My Life In WrestlingMy Life In Wrestling by Gary Hart
My rating: 5 of 5 stars

My Life In Wrestling is the biography of wrestling personality and booker Gary Hart.

One of my measuring sticks for a good wrestling book is how quickly it gets to the wrestling business. I think Gary was balls deep by the three percent mark.

I mostly know Gary Hart from his managing days in WCW and World Class so I was surprised at how many territories he worked, a lot of the time as the booker. Gary goes into detail about working for Jim Herd, Jimmy Crockett, the Funks, Jim Barnett, and Fritz Von Erich.

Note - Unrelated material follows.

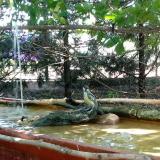 photo 2022-07-23 12-20-47 cinke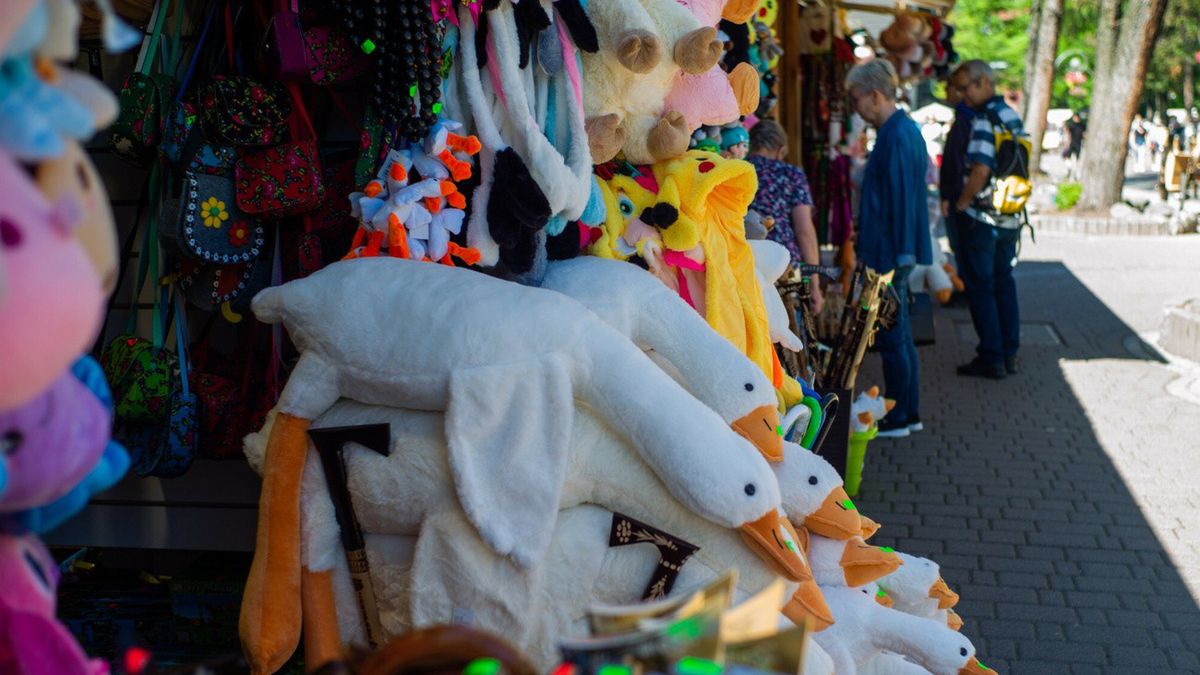 Kapibara hitem straganów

I had no idea how much booking Gary did, like him being the one to turn Dusty Rhodes face and consequently into one of the biggest attractions of his day. Like a lot of other wrestling books, he goes into what a shit show WCW was under Jim Herd.

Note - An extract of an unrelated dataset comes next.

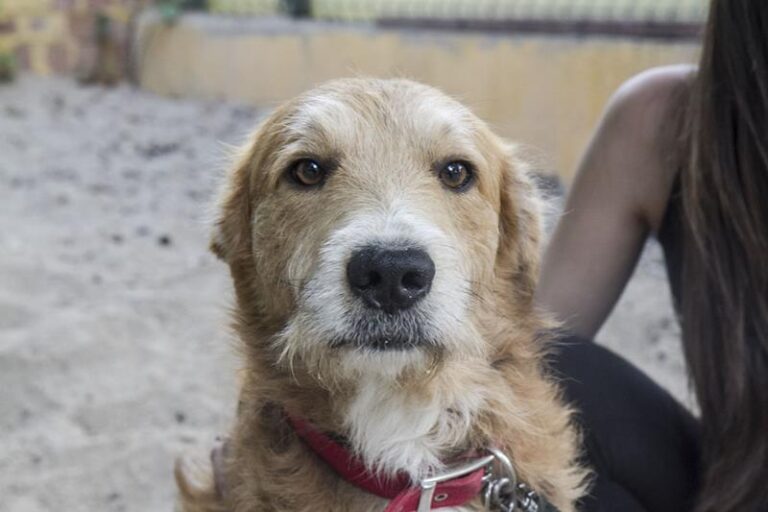 multimedia-foto58008-234-1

The book is told in a matter of fact tone. Gary is up front about everything that happened, like threatening to cut a promoter with his straight razor to get his money to calling Jerry Jarrett a hillbilly bastard every time his name comes up. Gary admits to making some mistakes along the way as well as when he got the rug jerked out from under him. The most emotional parts of the book are when Gary saved Austin Idol and some others from a plane crash but couldn't save Bobby Shane and pretty much everything involving the Von Erichs.

Once his last run with Crockett was over, Gary gradually faded away while promoting occasional shows in Texas. It's kind of a shame the way things ended because he had a great mind for the business.

It took me a long time to finally read My Life in Wrestling and it was worth the wait. Five out of five stars.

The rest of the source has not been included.